After he had sent them packing, Giunta recalls, his life became "a true hell", with repeated death threats and attempts to burn down the restaurant (he still requires police protection).

In February, two of the accused men received lengthy prison sentences: echoing Addiopizzo's message, Giunta told Italian radio, "I call on everyone to say no to extortion. If there are a lot of us, it will have to stop."

In the early hand-to-mouth days, Addiopizzo relied heavily on donations from private individuals and a few supportive companies: it is still proudly self-financing, but glowing international media coverage of its campaigns has helped to bolster resources. The group's rent-free headquarters are in an imposing condominium seized by the state from a local Mafia capo. Both the Sicilian provincial government and the European Union have provided grants.

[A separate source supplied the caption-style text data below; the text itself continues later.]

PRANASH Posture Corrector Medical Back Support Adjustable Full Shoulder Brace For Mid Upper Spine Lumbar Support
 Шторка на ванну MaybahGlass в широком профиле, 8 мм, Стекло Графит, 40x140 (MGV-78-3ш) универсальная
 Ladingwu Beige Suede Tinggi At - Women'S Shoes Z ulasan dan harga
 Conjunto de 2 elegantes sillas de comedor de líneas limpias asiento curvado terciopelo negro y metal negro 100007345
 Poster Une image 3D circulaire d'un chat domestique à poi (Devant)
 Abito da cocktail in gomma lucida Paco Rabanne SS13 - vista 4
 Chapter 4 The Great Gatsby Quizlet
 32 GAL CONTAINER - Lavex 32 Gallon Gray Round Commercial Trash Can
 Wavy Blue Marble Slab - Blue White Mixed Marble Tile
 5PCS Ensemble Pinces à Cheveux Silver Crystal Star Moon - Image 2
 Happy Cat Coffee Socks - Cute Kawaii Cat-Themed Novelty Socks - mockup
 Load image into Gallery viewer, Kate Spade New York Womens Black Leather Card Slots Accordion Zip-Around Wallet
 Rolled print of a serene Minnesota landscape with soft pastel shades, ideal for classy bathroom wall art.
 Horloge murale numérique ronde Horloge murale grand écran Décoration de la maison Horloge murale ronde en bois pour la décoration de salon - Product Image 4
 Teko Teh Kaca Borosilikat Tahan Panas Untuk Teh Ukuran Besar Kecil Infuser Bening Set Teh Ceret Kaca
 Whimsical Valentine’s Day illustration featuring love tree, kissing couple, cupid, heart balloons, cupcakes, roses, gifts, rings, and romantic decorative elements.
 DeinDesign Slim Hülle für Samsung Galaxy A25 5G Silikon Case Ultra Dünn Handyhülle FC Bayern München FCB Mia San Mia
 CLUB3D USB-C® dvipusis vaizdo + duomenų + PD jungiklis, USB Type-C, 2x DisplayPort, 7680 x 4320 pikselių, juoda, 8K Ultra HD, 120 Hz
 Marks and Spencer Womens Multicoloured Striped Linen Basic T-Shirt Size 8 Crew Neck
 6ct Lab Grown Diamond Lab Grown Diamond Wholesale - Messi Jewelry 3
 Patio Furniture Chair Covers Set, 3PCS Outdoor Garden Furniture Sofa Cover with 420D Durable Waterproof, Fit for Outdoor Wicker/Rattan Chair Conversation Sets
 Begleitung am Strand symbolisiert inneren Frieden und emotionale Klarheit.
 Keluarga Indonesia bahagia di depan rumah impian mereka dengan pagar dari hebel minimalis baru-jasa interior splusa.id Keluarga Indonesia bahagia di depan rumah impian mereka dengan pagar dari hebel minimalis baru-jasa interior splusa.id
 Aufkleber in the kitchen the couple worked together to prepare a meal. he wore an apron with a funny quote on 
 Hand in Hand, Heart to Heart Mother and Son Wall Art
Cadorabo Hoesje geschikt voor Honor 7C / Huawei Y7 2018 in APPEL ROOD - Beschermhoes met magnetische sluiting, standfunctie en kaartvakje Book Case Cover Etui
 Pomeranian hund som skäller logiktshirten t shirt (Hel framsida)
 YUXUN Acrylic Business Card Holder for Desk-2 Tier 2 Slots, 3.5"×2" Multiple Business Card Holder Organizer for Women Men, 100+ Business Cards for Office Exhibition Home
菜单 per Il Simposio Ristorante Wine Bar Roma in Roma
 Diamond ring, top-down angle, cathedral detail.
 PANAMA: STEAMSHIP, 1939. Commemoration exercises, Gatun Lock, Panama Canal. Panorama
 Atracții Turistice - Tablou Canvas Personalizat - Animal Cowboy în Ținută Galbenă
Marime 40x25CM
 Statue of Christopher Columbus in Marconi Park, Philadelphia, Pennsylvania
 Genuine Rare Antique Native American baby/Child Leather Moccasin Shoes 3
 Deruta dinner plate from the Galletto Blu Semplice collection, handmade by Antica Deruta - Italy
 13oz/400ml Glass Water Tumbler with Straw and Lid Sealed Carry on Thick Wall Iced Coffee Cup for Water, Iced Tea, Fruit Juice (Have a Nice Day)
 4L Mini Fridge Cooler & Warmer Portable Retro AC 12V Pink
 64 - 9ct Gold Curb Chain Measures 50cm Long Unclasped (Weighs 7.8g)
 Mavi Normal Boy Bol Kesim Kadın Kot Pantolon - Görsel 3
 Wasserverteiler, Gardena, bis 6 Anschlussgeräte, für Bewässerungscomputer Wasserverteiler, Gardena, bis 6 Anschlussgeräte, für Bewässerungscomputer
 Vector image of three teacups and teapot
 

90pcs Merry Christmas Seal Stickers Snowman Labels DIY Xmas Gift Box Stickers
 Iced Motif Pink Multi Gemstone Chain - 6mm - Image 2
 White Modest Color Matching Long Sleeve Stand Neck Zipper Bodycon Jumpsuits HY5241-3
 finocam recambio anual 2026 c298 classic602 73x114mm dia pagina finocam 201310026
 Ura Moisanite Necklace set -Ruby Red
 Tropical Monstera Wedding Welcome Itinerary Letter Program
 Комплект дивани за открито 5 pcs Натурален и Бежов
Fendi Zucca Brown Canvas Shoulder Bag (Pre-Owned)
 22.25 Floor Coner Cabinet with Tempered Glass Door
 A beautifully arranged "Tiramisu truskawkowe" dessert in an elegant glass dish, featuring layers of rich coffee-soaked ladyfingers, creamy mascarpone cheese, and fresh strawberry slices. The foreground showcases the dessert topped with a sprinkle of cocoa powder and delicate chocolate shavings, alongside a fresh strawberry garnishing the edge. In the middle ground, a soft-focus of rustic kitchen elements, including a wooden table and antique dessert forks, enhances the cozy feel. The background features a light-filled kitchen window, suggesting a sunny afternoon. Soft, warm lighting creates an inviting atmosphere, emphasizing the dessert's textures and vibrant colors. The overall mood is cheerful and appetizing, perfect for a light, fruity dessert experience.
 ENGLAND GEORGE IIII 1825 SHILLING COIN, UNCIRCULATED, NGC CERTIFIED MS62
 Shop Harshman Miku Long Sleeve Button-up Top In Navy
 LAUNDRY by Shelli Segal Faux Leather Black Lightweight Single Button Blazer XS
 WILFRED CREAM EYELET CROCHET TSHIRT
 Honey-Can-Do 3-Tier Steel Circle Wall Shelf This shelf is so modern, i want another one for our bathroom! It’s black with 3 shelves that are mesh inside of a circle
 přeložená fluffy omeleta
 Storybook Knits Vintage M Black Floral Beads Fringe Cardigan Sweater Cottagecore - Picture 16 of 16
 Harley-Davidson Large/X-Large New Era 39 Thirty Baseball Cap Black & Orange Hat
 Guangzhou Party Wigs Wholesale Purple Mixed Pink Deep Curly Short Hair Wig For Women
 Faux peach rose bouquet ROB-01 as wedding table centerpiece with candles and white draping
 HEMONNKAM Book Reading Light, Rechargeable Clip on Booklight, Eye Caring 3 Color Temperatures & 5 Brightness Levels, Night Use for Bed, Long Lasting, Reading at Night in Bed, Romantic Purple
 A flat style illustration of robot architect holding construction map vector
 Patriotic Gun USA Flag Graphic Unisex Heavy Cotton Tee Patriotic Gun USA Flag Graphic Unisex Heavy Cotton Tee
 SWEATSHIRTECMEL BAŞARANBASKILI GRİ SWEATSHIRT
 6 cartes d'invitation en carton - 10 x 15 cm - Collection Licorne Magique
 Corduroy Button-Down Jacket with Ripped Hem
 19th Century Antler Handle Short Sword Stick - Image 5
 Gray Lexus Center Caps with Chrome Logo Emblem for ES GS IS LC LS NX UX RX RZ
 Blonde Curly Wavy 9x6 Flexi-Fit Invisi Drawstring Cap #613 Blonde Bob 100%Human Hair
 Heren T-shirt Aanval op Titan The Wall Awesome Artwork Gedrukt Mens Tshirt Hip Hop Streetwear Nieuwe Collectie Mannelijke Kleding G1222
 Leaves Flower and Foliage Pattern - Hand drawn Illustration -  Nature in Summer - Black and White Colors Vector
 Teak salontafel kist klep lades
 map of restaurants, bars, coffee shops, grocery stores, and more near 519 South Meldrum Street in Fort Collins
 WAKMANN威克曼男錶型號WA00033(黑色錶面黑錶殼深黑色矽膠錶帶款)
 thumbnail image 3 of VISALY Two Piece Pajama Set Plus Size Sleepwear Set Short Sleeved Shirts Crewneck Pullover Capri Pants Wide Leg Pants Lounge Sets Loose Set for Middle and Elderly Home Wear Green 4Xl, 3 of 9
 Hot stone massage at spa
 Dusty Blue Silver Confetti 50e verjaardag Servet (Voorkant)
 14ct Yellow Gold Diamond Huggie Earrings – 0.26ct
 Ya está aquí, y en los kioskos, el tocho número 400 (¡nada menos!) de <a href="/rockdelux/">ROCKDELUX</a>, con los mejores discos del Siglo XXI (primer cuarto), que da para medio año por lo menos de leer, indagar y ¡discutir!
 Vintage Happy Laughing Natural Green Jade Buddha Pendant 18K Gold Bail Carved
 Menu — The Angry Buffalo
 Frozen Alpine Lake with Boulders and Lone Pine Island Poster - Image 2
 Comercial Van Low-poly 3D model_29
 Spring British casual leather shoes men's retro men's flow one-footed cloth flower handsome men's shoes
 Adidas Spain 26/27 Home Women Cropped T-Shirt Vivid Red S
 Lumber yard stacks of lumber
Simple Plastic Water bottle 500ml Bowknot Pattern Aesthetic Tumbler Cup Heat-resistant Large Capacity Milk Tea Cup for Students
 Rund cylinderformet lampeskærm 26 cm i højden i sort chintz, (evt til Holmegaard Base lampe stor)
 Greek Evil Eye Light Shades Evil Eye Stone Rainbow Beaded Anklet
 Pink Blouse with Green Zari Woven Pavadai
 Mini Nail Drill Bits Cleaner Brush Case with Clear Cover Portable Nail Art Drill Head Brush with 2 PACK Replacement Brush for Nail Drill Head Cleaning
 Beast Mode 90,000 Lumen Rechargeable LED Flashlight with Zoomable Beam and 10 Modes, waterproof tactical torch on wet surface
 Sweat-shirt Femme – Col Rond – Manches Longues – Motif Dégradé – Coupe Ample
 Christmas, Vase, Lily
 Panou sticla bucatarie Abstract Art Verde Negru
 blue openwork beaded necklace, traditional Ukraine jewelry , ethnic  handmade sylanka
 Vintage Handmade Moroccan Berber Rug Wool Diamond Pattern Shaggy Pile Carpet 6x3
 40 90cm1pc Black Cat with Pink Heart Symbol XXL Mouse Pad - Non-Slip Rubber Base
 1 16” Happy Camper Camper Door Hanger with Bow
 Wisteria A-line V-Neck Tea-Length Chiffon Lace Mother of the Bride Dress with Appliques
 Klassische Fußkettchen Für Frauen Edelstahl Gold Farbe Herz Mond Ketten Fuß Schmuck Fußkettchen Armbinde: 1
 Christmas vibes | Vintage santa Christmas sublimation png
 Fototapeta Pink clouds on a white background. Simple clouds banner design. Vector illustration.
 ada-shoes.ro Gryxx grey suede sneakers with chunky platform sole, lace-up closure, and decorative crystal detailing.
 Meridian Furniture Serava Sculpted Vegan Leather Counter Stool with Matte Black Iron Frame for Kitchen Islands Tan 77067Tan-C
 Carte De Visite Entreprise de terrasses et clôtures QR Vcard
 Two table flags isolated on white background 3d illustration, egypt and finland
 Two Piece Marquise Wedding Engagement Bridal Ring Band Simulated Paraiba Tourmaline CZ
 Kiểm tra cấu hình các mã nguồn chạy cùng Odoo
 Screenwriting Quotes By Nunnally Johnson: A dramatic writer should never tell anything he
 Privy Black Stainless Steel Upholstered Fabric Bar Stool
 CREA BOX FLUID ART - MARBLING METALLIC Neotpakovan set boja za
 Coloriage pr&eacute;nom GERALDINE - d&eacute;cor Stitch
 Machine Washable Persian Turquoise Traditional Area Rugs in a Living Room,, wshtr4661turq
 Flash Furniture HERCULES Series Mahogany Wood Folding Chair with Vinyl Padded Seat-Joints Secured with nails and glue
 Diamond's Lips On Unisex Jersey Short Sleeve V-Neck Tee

Five years ago, the group launched its own travel company, offering "100% pizzo free" ethical holidays that include excursions to properties confiscated from Cosa Nostra. Addiopizzo also operates educational missions, going into schools with the message that by standing together Sicilians can break the hold of the extortionists. The head of Palermo's Anti-Racket Association, Enrico Colajanni, regards this as crucially important: "For years after Grassi was killed nobody dared to denounce the Mafia in public, so we have to teach our children that it's possible."

Although Giovanni Di Giacomo's tirade from jail contained oblique threats against Addiopizzo, Cosa Nostra chiefs appear to understand that with public opinion solidly behind the group, targeting its volunteers could backfire disastrously.

Fabio Messino and Valeria De Leo set up Sicily's first pizzo-free supermarket in Palermo's historic centre in 2008, selling goods only from suppliers who refuse to pay protection money, and organic wine, pasta and olive oil grown on estates confiscated from the Mafia. The couple had half-expected Cosa Nostra's traditional response to such temerity: a bullet in the post, a severed goat's head on the doorstep, windows smashed regularly. Yet they never received so much as a threatening note or menacing phone call, while supportive Palermitans made long detours to shop with them.

"Over the past 10 years," they say, "Addiopizzo has succeeded beyond anyone's expectations in altering the perception of the Mafia among ordinary Sicilians."

That is music to the ears of Pietro Grasso, a proud Sicilian who was a senior anti-mafia prosecutor before being elected as president of the Italian Senate last year. In a recent interview with the Giornale Di Sicilia newspaper, Grasso fondly remembered a meeting with some of the Addiopizzo ragazzi (boys) shortly after the group was established. He was struck then by their idealism and over the intervening years, he observed, "their passionate commitment and their courage have never wavered".